When we use the term “remaining scheduled payments,” we mean, with respect to any 2021 Note, the remaining scheduled payments of the principal thereof to be redeemed and interest thereon that would be due after the related redemption date but for such redemption; provided, however, that, if such redemption date is not an interest payment date with respect to such 2021 Note, the amount of the next scheduled interest payment thereon will be reduced (solely for the purpose of this calculation) by the amount of interest accrued thereon to such redemption date.
On or after October 22, 2021 (the date that is 31 days prior to the maturity date) we may, at our option, redeem the 2021 notes, in whole or in part, on at least 30 days' and no more than 60 days' prior written notice, at a redemption price equal to the principal amount of the 2021 notes being redeemed, together with any accrued and unpaid interest thereon to, but excluding, the date fixed for redemption.

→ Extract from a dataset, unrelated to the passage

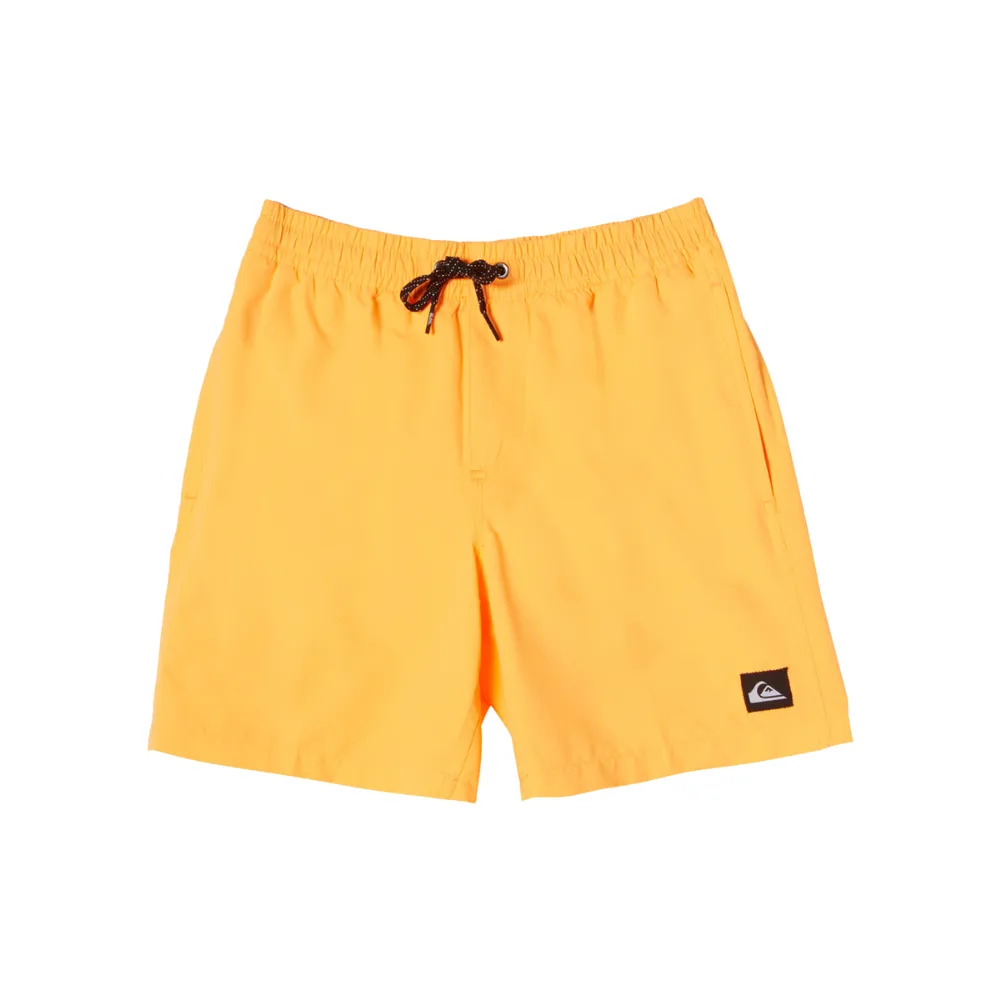 Quiksilver Boy's 8-16 Everyday 15" Volleys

Redemption of the 2021 Notes Upon a Tax Event
If, as a result of (a) any change in (including any announced prospective change), or amendment to, the laws (including any regulations or rulings promulgated thereunder) of the United States (or any political subdivision or taxing authority thereof or therein), or any change in (including any announced prospective change), or amendment to, any official position regarding the application or interpretation of such laws, which change or amendment is announced or becomes effective on or after November 15, 2016, or (b) a taxing authority of the United States taking any action, or such action becoming generally known, on or after November 15, 2016, whether or not such action is taken with respect to us or any of our affiliates, there is in either case a material increase in the probability that we will or may be required to pay additional amounts as described herein under the heading “-Payment of Additional Amounts on the 2021 Notes” above (any of the foregoing, a “Tax Event”), then we may in either case, at our option, redeem, in whole or in part, the 2021 notes on at least 30 days' and no more than 60 days' prior written notice, at a redemption price equal to the principal amount of the 2021 notes being redeemed, together with any accrued and unpaid interest thereon to, but excluding, the date fixed for redemption.

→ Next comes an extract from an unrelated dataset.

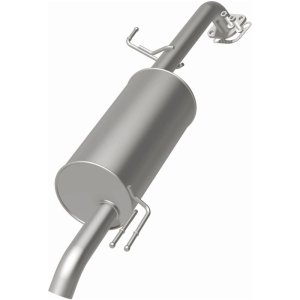 Kia Forte Koup Performance Exhaust - Rear - Magnaflow - Direct-Fit Muffler Kit - `10-`13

In order to exercise this right, we must determine, in our business judgment, that the obligation to pay such additional amounts cannot be avoided by the use of reasonable measures available to us, not including substitution of the obligor under the 2021 notes. Prior to the publication of any notice of redemption, we will deliver to the trustee an officer's certificate stating that we are entitled to effect a redemption and setting forth a statement of facts showing that the conditions precedent to our right to so redeem have occurred and an opinion of counsel to that effect based on that statement of facts.
We may from time to time, without notice to or the consent of the registered holders of the 2021 notes, create and issue further 2021 notes ranking on an equal basis with the outstanding 2021 notes in all respects (or in all respects except for the payment of interest accruing prior to the issue date of such further notes or except, in some circumstances, for the first payment of interest following the issue date of such further notes). Such further 2021 notes shall be consolidated and form a single series with the outstanding 2021 notes and shall have the same terms as to status, redemption or otherwise as the outstanding 2021 notes.
Indenture Provisions Applicable to Both the 2020 Notes and the 2021 Notes
In the below summary, we have included references to section numbers of the indenture.
Covenants Relating to Us
The covenants in the indenture governing our debt securities (of which the 2020 notes and the 2021 notes are each a series) include the following:
Transactions With Affiliates. Neither we nor any of our subsidiaries will engage in any transaction with any of our affiliates unless the transaction is on a basis not materially less favorable to us or our subsidiary than would be the case if we had effected the transaction with a non-related third party. See Section 12.08. Our affiliates are defined as any corporation controlling, controlled by or under common control with us. See Section 1.01. "Our subsidiaries" means any corporation of which we own or control, directly or indirectly, more than 50% of each class of its voting stock. See Section 1.01.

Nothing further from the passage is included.